戦後には天皇や天皇制についての大きな転換があった。それは戦後憲法(日本国憲法)での天皇規定の転換である。明治憲法(大日本帝国憲法下)での天皇規定(第一条から三条)、つまりは天皇が国家の統治者(統治主体)から、象徴への転換である。これは一言でいえば、君主主権国家から、国民主権国家への転換である。これは天皇統治を本質とする国体の転換である。いうまでもなく、日本は国体の護持を前提に降伏(ポツダム宣言の受諾)をしたのだが、これは転換したのである。支配層は日本国憲法の天皇規定を受け入れることで、国体の転換に同意したのであり、俗にいえば転向したのである。それを認めてはいないにしてもである。

天皇主権国家、つまり、天皇統治は大きくいえば国民主権国家に変ったのである。これは天皇の霊性(幻想の喚起力)の減衰であり、根本的性格の転換だった。僕らの戦後世代が天皇や天皇制に無関心であったということはここに大きな理由があったのである。多分、1960年代の安保闘争から1970年代の初めまで天皇や天皇制が思想的な関心に登らなかったのはそのためと言える。

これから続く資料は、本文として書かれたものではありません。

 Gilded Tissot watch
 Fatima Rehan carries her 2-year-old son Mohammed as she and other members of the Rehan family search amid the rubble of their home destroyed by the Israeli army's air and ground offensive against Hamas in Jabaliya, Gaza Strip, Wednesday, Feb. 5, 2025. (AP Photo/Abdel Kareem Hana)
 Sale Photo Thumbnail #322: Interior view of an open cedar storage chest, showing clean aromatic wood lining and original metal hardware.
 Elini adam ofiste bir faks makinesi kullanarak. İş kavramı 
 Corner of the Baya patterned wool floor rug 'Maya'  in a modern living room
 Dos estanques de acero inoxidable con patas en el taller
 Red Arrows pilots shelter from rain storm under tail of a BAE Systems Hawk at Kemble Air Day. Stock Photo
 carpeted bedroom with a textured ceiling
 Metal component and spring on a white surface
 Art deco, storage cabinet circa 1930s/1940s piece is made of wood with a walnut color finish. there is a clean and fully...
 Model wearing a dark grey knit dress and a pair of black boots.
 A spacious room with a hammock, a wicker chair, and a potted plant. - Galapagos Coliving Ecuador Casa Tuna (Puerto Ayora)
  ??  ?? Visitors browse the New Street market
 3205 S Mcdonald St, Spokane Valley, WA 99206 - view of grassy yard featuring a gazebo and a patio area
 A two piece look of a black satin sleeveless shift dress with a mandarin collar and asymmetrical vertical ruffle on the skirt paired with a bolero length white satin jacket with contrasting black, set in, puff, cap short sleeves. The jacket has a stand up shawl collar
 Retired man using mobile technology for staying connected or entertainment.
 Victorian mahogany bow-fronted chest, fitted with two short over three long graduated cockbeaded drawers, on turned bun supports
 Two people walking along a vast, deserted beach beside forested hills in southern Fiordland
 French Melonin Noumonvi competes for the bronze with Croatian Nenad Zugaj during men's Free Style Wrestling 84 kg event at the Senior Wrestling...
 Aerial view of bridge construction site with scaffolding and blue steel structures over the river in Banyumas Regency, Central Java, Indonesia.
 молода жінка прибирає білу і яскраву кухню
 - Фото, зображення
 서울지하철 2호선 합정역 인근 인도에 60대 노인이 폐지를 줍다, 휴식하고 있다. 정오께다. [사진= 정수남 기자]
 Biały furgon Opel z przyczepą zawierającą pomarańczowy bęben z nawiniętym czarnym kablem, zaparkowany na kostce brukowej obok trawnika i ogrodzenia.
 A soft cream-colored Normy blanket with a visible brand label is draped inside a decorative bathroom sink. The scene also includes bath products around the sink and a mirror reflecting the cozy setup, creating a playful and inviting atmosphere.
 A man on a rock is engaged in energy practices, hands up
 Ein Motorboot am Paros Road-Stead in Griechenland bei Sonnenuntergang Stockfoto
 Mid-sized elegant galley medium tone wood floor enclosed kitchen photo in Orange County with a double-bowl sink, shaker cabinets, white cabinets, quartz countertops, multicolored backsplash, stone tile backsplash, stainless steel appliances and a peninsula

ここで注意しておく必要があるのは、天皇主権国家は憲法の書かれたように国民主権国家に転換したということについてである。日本国憲法においてそれは疑いのないことであるけれども、これは現実的にはそうではないという事である。確かに宮沢俊義は8・15革命説を唱え、この憲法上の転換は革命であるという説を展開しており、これは憲法上の主流の考えになっている。僕はこれにある種の疑問を抱いてきた。国民主権は権威のある国民意識となっているとはいいがたいからである。憲法は革命、あるいは革命の産物であると言われる。それは憲法が国民主権を根底とし、憲法制定権力によって創出されたものであり、そこで憲法も、国民主権も権威を持つのである。この憲法制定権力による憲法の創出が革命であるのだ。大日本帝国憲法から日本国憲法への改正は、基本的にいえば欽定憲法上の改正であり、国民が憲法制定権力として登場したのではなく、支配層の力として行われたということがある。これについては革命の形態が問題になるので、難しいことがあるが、この点は憲法9条と比較して考えるといいのかもしれない。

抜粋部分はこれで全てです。